**TASK BRIEF:** Return only the lines running from the first line of the listing through the one with "Collar Táctico para", unchanged.

**SOURCE MATERIAL:**
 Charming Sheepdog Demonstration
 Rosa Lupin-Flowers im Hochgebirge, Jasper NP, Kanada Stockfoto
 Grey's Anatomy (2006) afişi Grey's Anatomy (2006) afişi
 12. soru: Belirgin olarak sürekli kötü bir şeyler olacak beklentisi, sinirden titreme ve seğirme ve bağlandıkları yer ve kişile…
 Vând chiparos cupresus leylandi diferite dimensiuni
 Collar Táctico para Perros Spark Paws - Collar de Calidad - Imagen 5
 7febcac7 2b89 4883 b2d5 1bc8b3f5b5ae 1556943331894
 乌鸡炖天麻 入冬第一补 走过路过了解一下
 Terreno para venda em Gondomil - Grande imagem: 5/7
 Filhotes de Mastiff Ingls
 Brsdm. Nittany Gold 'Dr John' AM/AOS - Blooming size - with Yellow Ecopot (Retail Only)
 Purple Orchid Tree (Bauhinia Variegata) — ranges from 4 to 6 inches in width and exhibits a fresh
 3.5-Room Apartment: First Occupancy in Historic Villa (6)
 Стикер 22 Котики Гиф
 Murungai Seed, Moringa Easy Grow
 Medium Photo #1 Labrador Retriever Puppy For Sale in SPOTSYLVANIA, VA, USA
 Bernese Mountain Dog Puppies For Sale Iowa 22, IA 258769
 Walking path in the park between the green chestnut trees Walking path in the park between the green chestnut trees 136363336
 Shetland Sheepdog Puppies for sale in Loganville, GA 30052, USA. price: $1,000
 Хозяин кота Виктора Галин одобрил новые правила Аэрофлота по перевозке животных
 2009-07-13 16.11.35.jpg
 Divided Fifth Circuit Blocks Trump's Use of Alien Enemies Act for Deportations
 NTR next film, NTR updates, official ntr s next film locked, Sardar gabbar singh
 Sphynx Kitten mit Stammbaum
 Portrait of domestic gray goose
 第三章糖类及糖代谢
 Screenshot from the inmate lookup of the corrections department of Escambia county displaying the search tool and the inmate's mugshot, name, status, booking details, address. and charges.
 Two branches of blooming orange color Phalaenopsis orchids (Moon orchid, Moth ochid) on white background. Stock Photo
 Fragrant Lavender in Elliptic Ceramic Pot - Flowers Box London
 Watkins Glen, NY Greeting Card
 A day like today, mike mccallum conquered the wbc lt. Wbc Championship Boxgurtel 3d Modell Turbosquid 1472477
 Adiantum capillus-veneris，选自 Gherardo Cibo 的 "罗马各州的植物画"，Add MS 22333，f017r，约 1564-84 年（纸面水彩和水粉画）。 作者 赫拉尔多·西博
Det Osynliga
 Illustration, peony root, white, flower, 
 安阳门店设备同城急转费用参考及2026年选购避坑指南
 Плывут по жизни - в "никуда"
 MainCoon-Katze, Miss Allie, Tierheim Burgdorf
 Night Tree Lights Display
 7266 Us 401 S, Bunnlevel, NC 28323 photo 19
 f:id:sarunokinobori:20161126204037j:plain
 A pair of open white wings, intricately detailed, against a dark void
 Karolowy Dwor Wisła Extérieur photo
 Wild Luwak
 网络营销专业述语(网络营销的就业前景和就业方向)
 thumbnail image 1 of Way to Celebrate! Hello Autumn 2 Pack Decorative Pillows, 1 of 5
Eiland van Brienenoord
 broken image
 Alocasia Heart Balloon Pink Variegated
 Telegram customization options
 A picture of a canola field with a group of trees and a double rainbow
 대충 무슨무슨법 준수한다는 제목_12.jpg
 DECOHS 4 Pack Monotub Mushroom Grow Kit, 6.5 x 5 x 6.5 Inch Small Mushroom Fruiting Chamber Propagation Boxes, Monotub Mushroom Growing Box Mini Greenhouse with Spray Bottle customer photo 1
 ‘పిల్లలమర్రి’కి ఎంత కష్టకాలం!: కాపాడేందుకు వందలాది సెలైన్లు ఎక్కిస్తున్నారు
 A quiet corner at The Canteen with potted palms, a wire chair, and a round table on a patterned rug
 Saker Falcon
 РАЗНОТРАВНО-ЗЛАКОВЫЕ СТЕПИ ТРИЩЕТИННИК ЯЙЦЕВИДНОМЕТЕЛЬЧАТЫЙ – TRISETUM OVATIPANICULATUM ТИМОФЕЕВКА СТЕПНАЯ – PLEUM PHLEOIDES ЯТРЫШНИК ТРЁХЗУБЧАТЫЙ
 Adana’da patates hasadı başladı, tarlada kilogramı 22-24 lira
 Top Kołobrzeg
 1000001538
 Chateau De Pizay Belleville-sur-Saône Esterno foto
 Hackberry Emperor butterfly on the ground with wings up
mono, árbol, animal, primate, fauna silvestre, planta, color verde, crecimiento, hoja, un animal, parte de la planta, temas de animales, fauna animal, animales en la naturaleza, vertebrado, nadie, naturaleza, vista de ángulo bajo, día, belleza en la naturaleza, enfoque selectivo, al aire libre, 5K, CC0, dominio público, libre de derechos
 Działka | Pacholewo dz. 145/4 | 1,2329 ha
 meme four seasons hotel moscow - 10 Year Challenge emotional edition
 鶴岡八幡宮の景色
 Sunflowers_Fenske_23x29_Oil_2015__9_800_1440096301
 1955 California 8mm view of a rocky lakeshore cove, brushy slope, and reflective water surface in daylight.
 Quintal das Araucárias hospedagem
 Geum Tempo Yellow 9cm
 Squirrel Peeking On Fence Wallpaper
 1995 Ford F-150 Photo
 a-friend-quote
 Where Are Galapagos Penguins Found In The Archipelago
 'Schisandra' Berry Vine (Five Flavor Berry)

**OUTPUT FOR THIS TASK:**
 Charming Sheepdog Demonstration
 Rosa Lupin-Flowers im Hochgebirge, Jasper NP, Kanada Stockfoto
 Grey's Anatomy (2006) afişi Grey's Anatomy (2006) afişi
 12. soru: Belirgin olarak sürekli kötü bir şeyler olacak beklentisi, sinirden titreme ve seğirme ve bağlandıkları yer ve kişile…
 Vând chiparos cupresus leylandi diferite dimensiuni
 Collar Táctico para Perros Spark Paws - Collar de Calidad - Imagen 5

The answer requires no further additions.